Hi @ettayeb_mohamed ! Thanks for posting your question, since installing analytics is a source of frustration for a lot of people.
Not sure where you saw this, but analytics isn’t installed by default with Open edX? edX have made a lot of improvements with the devstack since it moved to Docker, and so doing development with the analytics pipeline is now supported by default on the docker devstack, but AFAIK, the production deployment still requires separate deployment steps.
Yep, currently AWS is the only officially supported environment for analytics deployments, because of all the pieces required to run the analytics pipeline, which feeds data into Insights (see architecture diagram). We at OpenCraft set up analytics on AWS a lot for clients, so we’ve assembled some documentation for how to do this, be beware that it’s not straightforward: openedx-deployment.doc.opencraft.com, under Analytics.

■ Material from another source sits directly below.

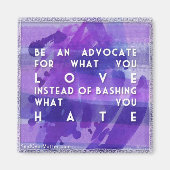 Wees een advocaat magneet (Voorkant)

However, AWS is cost-prohibitive for a lot of deployments, and also, people with small- and medium-sized LMS user bases doesn’t really need the massively-scaled infrastructure that Open edX’s AWS analytics deployment provides. There’s a couple of options.
Figures
@john and Appsembler built Figures, which provides some of the data reporting available in Open edX Insights/analytics.
Since it runs in the same python environment as the LMS, it’s much easier to install, use, and contribute to.

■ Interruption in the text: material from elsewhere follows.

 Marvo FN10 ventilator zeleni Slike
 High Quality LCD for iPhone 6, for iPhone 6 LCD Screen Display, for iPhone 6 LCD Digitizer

Depending on which version of Open edX you’re running, I’d totally recommend trying it out to see if it meets your needs. They’re happy to accept pull requests too, if you find bugs or have features you want to add!
OpenStack Analytics
OpenCraft are working enhancing our Open edX deployment service (Ocim) to make it possible to run Insights and the Analytics Pipeline on a single OpenStack (OVH) instance.
The timeline for completing this isn’t yet known, so nothing has been upstreamed or properly documented yet. But I can share what we’ve done so far, and you’re welcome to use what you like. Again beware: it’s not a simple process.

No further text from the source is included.